• Problem to work on
How many lines in the records below contain the string "setting"? Answer with the number alone.

• Extracted records
★ ★ ★ ★ ★
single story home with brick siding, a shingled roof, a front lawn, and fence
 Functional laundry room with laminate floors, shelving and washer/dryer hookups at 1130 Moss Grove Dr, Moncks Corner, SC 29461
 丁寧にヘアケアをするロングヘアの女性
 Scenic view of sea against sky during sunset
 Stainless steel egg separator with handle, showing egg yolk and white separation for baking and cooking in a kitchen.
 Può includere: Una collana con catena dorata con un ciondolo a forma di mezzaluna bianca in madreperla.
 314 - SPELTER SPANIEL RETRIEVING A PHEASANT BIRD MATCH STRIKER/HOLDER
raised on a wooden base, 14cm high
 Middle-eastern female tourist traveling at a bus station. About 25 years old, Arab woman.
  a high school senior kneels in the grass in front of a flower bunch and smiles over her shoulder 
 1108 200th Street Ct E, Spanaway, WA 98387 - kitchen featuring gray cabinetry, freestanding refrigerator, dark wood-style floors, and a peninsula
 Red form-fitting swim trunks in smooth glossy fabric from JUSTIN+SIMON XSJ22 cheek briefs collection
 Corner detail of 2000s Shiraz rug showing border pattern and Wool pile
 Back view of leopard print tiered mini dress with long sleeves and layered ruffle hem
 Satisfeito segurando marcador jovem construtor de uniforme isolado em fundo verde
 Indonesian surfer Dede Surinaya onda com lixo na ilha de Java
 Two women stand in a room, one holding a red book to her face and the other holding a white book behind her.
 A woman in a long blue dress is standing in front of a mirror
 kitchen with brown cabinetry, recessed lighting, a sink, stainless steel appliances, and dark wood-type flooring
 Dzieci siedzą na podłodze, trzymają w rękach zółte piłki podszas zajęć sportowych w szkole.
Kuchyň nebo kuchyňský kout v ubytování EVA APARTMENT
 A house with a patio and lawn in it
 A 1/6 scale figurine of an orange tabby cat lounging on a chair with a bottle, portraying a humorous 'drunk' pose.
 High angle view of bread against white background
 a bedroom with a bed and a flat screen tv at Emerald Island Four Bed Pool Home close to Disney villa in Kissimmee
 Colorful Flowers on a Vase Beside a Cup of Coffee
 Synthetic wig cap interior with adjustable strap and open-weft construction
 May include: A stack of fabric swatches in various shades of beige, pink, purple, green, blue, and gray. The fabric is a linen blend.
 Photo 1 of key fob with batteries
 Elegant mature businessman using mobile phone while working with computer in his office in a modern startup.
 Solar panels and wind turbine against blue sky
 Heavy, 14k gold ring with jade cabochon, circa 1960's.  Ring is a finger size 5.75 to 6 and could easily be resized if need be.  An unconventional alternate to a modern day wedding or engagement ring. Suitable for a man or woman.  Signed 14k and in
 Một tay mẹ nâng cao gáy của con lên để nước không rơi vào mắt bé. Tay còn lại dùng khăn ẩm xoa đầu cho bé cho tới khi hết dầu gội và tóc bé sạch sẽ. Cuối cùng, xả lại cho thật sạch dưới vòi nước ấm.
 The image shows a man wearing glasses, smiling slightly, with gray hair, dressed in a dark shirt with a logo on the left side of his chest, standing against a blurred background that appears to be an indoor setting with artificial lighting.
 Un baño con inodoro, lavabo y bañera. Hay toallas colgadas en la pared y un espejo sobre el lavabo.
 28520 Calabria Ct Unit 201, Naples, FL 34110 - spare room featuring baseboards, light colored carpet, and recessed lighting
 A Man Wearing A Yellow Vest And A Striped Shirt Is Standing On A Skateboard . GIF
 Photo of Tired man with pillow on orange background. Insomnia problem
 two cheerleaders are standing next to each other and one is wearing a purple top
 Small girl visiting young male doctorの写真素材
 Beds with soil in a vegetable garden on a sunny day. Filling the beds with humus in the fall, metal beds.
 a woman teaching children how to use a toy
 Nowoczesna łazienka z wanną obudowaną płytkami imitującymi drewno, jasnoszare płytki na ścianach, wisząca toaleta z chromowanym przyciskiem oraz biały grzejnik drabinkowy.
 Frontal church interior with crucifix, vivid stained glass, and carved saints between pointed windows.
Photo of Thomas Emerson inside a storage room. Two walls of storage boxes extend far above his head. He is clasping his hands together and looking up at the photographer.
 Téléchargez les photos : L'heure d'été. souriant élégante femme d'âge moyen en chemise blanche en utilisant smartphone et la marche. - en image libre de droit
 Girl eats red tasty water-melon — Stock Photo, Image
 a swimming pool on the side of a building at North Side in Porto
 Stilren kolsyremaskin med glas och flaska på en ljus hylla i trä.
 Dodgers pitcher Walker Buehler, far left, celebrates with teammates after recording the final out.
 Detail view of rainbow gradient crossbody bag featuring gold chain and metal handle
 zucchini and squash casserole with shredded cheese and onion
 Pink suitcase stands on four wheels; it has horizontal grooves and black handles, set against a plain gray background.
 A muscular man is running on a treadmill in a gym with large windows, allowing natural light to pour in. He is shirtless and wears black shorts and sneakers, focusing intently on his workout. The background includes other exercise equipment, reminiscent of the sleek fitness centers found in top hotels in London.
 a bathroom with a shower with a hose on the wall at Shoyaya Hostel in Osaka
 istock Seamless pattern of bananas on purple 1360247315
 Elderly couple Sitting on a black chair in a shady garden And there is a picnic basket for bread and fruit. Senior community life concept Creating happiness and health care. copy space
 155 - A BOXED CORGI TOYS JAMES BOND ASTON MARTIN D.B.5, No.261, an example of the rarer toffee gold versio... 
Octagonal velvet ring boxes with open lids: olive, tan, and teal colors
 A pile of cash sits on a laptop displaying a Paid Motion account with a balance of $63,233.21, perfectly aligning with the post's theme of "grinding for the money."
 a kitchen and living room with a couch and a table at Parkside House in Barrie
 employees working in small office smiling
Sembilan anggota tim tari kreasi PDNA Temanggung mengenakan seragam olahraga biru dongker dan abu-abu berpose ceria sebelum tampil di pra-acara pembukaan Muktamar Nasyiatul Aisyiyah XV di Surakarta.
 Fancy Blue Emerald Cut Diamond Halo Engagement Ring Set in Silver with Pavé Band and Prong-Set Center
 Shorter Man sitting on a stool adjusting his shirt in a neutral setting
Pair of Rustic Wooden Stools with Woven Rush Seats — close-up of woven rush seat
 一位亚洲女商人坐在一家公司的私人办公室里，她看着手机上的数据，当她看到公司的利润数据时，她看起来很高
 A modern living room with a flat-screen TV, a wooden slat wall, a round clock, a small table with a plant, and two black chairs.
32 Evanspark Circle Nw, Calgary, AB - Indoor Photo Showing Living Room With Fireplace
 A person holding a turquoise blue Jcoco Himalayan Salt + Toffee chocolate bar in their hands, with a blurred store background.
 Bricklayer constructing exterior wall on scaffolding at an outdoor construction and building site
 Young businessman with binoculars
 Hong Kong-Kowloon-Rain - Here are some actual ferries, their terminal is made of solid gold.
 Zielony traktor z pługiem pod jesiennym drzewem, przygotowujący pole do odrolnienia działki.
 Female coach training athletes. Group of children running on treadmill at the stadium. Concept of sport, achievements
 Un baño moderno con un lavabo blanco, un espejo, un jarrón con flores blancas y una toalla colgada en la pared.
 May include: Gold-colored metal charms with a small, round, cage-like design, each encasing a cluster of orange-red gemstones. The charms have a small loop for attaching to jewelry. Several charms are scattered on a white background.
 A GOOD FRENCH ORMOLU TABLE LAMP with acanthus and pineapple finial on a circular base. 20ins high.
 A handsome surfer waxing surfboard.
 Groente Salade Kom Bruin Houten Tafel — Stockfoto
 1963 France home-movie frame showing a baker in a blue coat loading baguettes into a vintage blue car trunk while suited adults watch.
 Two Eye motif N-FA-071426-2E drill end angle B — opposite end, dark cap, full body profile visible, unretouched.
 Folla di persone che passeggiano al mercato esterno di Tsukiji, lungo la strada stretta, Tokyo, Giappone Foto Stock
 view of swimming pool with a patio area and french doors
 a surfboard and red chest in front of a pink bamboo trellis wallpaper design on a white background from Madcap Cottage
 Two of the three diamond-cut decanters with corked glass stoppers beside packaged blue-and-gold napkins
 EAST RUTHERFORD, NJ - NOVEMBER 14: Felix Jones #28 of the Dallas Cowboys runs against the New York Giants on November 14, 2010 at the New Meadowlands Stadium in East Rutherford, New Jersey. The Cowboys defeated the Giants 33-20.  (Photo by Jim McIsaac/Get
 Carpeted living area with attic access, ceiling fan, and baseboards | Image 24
★ ★ ★ ★ ★
• Response to this task
2